Projekt:
Eine von vielen Kurzgeschichten aus dem Portfolio von Talk & Write. Und eine der ersten.
Kurzgeschichte – Regina von der Straße
Sie war käuflich und schön anzusehen: Knackig, prall und süß. Gute Ware. Man sollte sie einfach so mitnehmen. Dachte ich und fragte: „Wie heißt sie?“ „Regina!“ antwortete die Frau milde lächelnd.
Regina! Ein Name mit drei Vokalen. Das war doch schon mal mehr, als ich erwarten konnte. Auch die anderen beiden hatten es mir auf den ersten Blick angetan. „Das ist Alma. Und das hier Bianca“, klärte die Frau mich auf, ohne dass ich ein weiteres Mal hatte fragen müssen.

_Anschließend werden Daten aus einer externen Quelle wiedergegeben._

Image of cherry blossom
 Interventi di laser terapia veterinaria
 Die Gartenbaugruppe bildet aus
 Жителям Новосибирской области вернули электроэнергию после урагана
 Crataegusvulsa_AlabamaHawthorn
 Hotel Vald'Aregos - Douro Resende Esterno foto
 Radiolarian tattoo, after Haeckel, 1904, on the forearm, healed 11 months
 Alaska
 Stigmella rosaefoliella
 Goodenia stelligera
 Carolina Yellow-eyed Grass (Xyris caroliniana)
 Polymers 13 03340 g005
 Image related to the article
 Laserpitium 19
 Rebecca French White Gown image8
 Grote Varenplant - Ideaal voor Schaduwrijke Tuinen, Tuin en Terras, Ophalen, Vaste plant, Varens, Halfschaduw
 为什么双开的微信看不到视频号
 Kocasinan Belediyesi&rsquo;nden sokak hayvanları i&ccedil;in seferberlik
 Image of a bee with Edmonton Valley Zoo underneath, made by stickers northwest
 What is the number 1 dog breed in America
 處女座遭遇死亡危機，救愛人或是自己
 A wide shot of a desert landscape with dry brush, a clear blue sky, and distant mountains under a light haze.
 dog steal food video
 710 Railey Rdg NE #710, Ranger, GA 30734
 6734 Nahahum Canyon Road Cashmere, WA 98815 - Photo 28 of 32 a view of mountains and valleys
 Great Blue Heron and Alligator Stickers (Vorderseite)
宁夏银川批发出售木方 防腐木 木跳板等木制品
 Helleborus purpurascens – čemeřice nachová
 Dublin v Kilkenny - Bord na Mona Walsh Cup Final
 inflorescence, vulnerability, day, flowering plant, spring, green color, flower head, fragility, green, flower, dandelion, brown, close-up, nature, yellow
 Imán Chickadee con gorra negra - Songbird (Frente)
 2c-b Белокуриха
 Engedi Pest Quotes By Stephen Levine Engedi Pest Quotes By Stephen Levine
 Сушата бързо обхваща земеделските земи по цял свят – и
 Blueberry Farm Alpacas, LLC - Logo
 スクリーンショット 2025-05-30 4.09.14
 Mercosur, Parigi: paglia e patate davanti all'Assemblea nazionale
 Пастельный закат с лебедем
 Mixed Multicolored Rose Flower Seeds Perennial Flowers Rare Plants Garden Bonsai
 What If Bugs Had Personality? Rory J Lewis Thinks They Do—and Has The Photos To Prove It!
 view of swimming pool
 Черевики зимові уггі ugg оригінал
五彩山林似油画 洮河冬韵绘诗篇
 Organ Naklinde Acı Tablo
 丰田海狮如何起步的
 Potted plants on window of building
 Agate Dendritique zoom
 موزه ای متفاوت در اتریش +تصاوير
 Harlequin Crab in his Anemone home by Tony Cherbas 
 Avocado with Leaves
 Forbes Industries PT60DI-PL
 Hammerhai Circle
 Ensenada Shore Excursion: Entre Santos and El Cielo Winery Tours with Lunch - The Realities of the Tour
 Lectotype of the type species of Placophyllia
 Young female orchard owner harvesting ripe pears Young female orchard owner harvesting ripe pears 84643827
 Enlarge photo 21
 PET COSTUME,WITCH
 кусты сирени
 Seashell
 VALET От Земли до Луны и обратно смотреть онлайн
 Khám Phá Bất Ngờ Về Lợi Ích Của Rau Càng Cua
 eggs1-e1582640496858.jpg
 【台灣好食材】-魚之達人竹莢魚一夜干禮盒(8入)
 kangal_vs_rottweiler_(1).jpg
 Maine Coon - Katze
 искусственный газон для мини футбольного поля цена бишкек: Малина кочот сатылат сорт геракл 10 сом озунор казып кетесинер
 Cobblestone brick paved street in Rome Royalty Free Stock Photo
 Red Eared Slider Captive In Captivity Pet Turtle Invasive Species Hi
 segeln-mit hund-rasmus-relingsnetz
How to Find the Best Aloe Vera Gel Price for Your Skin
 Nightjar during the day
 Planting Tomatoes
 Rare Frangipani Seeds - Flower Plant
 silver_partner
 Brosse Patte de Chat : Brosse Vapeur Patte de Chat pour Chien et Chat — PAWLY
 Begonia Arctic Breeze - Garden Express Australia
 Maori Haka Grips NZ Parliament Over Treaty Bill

Alma war ein bisschen kleiner als Regina. Bianca wiederum etwas blasser, fast schon durchscheinend. Beide gaben keinen Ton von sich. Vielleicht waren sie sich ihrer Wirkung bewusst. Vielleicht war es sogar eine Art geschickt eingesetzter Verkaufstaktik: Wer nichts sagt, dem kann man auch nichts vorwerfen. Jedenfalls keine dummen Antworten.
Ich bin mir nicht sicher, aber mir schien, als hatten Regina und ihre Schwestern nicht mehr viel Zeit zu verlieren. Wenn jetzt noch Kunden auftauchten, konnten sie froh sein. Das Alter ging auch an ihnen nicht spurlos vorüber. Bald würden sie aussehen wie gefallenes Obst: Saft- und kraftlos. Noch war die Nachfrage groß. Noch konnten sie mit ihren Pfunden wuchern. Doch morgen würde vielleicht schon der Herbst des Lebens kommen. Knallharte Marktwirtschaft. So ist es nun mal.
Die Lage hatten sie sich bestimmt nicht aussuchen können. Aber immerhin: Hier an der Straße gab es viele Kontaktmöglichkeiten. Stammkunden und Laufkundschaft. So wie mich. Ich hätte auch woanders anhalten können, hatte mich dann jedoch spontan entschlossen, auszusteigen und diese Frischware etwas näher zu begutachten.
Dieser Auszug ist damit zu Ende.